Toqué las crines de la mula, como de algas marinas, y miré hacia arriba. El sol, dibujado en el cielo por un pintor de paso, era un perfecto girasol maduro. Me palpé la cara, para reconocerme, recorriendo la nariz y los ojos, las sinuosidades acústicas de las orejas. Mi pelo parecía recién brotado. En ningún momento sentí la necesidad de saber quién era yo. Sentirse era más fuerte que saberse. La mula seguía su camino rozando ya las nubes más altas. Nunca había sido niño, ni adolescente, ni nada relacionado con la edad. Yo era sólo lo de adentro, puro. Dije las primeras palabras, nombrando lo que veía. Como el sol, parecían dibujadas, hechas a mano, y eran casi táctiles; como descubrir el color de los sabores, la suma de reposos que hay en un movimiento.

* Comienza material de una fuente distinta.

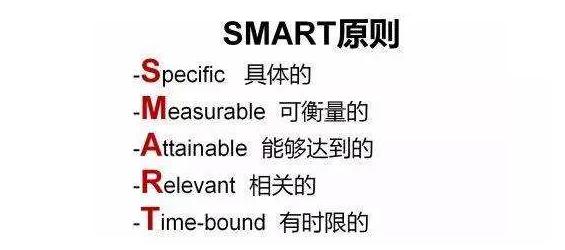 smart原则不包括什么（SMART原则）(1)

Al llegar al Mirador, la salida de Minas Altas estaba borrándose, tendiendo a no haber sucedido nunca. Salvo la mirada de Fábulo, dos puntos negros, yo era alguien sin conexión con nadie, como si me hubiera inventado a mí mismo en el camino. Sin parientes ni infancia, ni lugar de origen, me veía como reflejado en una pompa de jabón.
Al calor del fuego que encendí sentí mi plenitud. Cada músculo o vena, la curvatura de los huesos a la vez recónditos y próximos, cada latido impulsando la sangre que llena mis concavidades, tenían la vibración luminosa que se ve en los campos después de las lluvias. Mi cuerpo, acabado de nacer, estaba en el tiempo de la misma manera que el fuego en su color o la nieve en las cumbres.
El primer globo cólico que observé bailoteaba en el frío del anochecer. A la luz del fuego, desparramada por la bóveda, anoté en la planilla la intensidad y orientación del viento. Una rayita de las más finas según los modelos, con los quince grados de inclinación que corresponden a los vientos leves. Como un silencio musical. Durante el trazo, le di la importancia de una palabra.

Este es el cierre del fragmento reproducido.